Al built the tambour-doored media center in the living room (center above). Neil says it includes an entire stereo complex and drawers sized to hold reel-to-reel tapes. Neil points out that his father’s innovation even reached to 2173 Redcliff’s plumbing system, which Neil says is all grouped into one 12′ square area that is easily accessible from the lower level.
A.P. Martin, AIA, apprenticed in the Neutra office before branching off in other directions. 2173 Redcliff was one of his only residential projects.
Martin was the first architect on the house project next door, before John Lautner took over what would become the famous Silvertop residence, for Kenneth Reiner, the ladies hair clip magnate. Reiner, himself, created several clever gadgets and systems for Silvertop. Commissioned in 1956, the iconic home with the cantilevered driveway and concrete dome sold in 2014 to Beats By Dre’s president, Luke Wood, for a jaw dropping $8.55 million. He’s hired bohemian modern architect, Barbara Bestor, for the restoration.
Martin’s most significant architectural credits were on commercial buildings, not single-owner homes. He worked for Adrian Wilson and the firm Daniel, Mann, Johnson and Mendenhall (DMJM). For the first 15 years of his career, he worked as a project architect, and then a project director for DMJM A famed project during this period was the Marina City Club in Marina Del Rey, Neil says. With DMJM he worked on park-avenue like luxury apartment high rises: Barrington Plaza in West Los Angeles, which had been the tallest apartment complex west of Chicago when it opened in 1963; and the Los Feliz Towers, completed in 1966.

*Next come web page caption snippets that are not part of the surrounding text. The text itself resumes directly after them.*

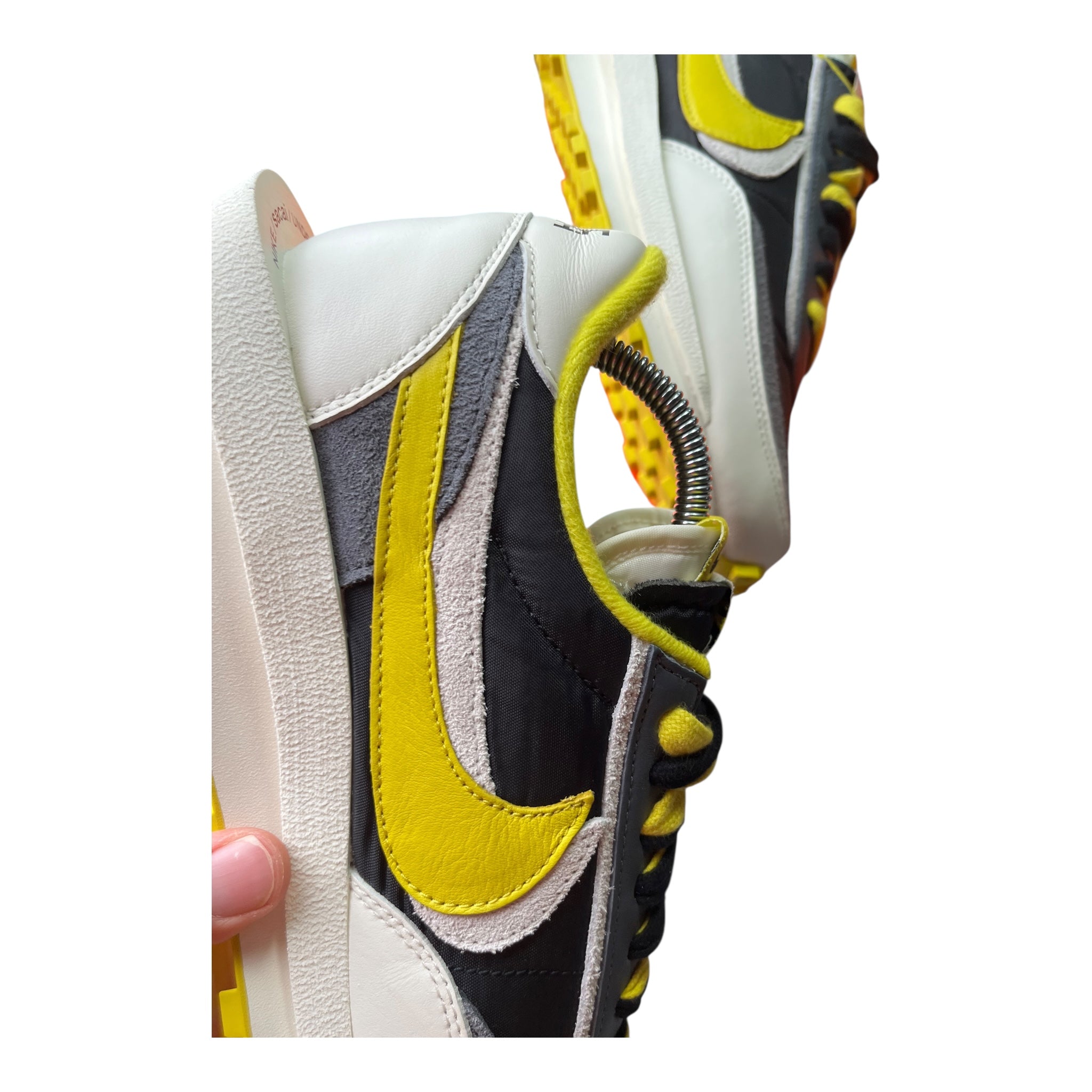 Nike LD Waffle Sacai Undercover Bright Yellow (44EU)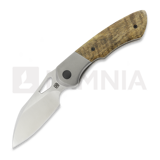 Olamic Cutlery - WhipperSnapper BL Flipper Delete, Koa Wood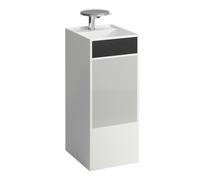 LAUFEN Kartell Lave-mains, posé, 2 trous pour robinet, sans trop-plein, 375x435x900, H811331D038151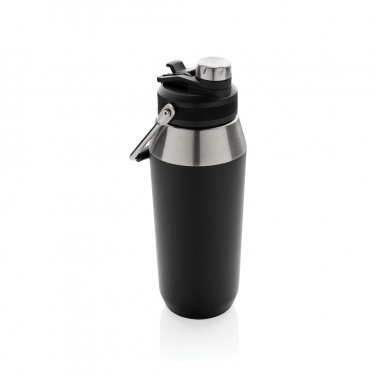 Logo trade promotional gift photo of: Vacuum stainless steel dual function lid bottle 1L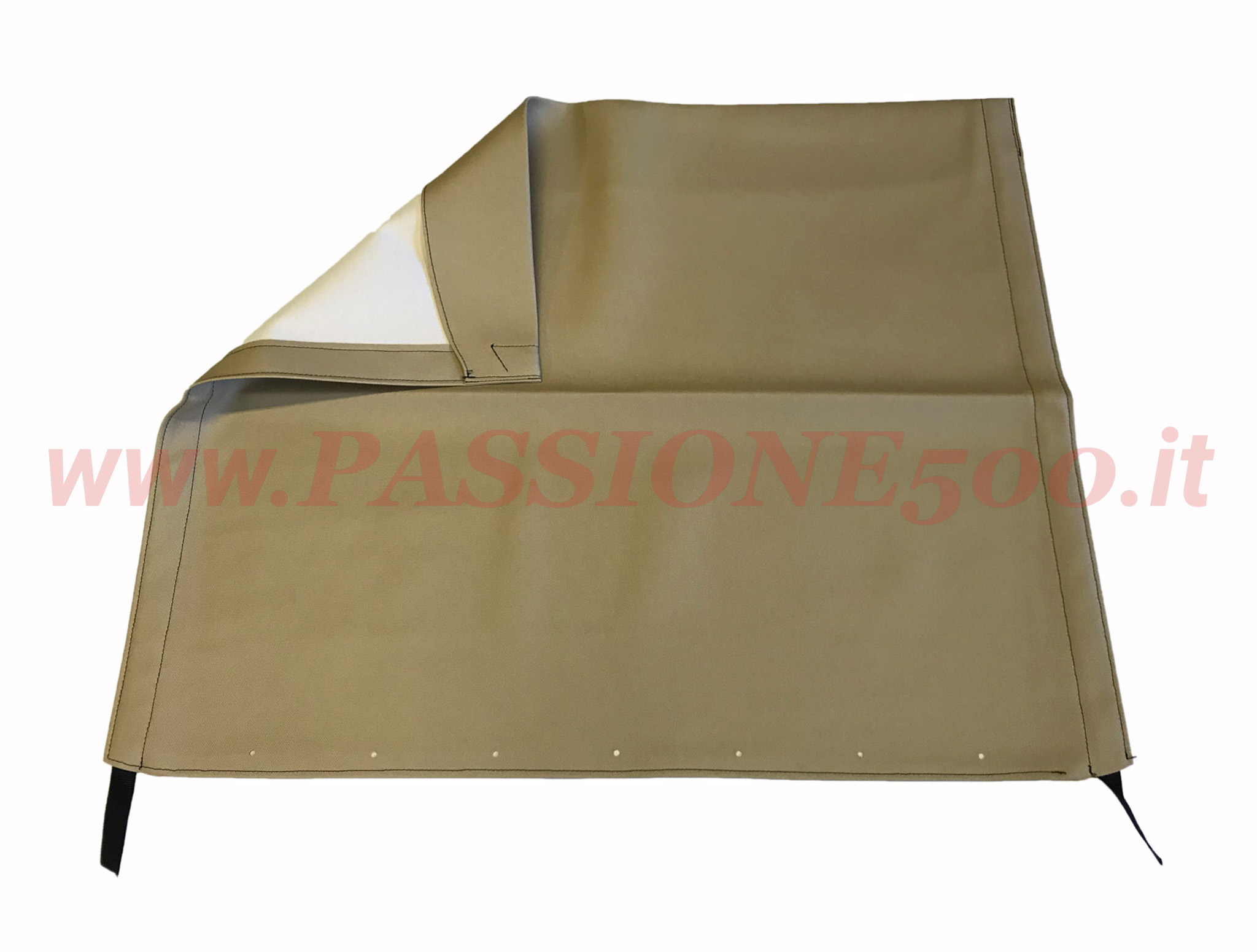 telo capote marrone Fiat 500 F L R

100 Wilshire Boulevard was another notable project of Martin’s while he worked with DMJM. Completed in 1971, the landmark of late modern design was originally called Lawrence Welk Plazaafter the famed band leader, Lawrence Welk, who also had a knack for development.
At 2173 Redcliff, it is noted that numerous design features came from the world of commercial architecture. The 2,463-square-foot home features include cork floors, acoustic tile ceilings, and exposed concrete brick. After DMJM, Albert Martin founded his own architectural firm, ArchiSystems International, of which he was president. Over the years, Martin’s commissions included Loews Santa Monica Beach Hotel and the Hyatt Regency in Long Beach.
The textures of 2173 Redcliff reflect the thoughtfulness of an artist experiencing her environment. No cliche of cookie cutter modernism, and definitely no white, empty rooms in sight. Visitors are instantly aware of the historical foundation that Gloria and Al created which was born of their artistic vision.
Gloria chose the tile for the kitchen and bathrooms and did all the tiling work herself –a complementary setting for her enormous collection of ceramics, paintings and digital art which filled the house. Over her lifetime, Gloria worked with a variety of media.
Gloria even made the decorative tiles for 2173 Redcliff’s interior and exterior. At one point, Neil says, there was a kiln in the garage. Millions of people over a span of 17 years would have seen Gloria Martin’s carved heads and other works displayed in the Pasadena Rose Bowl Parades. In later years, she worked on the computer to create digital art. As a teacher Gloria taught sculpture to the blind at the Braille Institute right up until her death at age 85.
There is a lingering cool nonchalance that permeates the streets of Silver Lake. Young Hollywood is comforted that they can walk into local restaurants and cafes, vintage clothing shops, and yoga studios, without worrying about the fanfare. Many are drawn to Silver Lake and the simple, yet expressive spirited designs of the 20th century architects. A host of celebrities such as Ryan Gosling, Rachel McAdams, Anaïs Nin, Joseph Gordon-Levitt, and Christina Ricci love the bohemian-chic neighborhood and the mid-century homes that are perched on its winding streets and hills.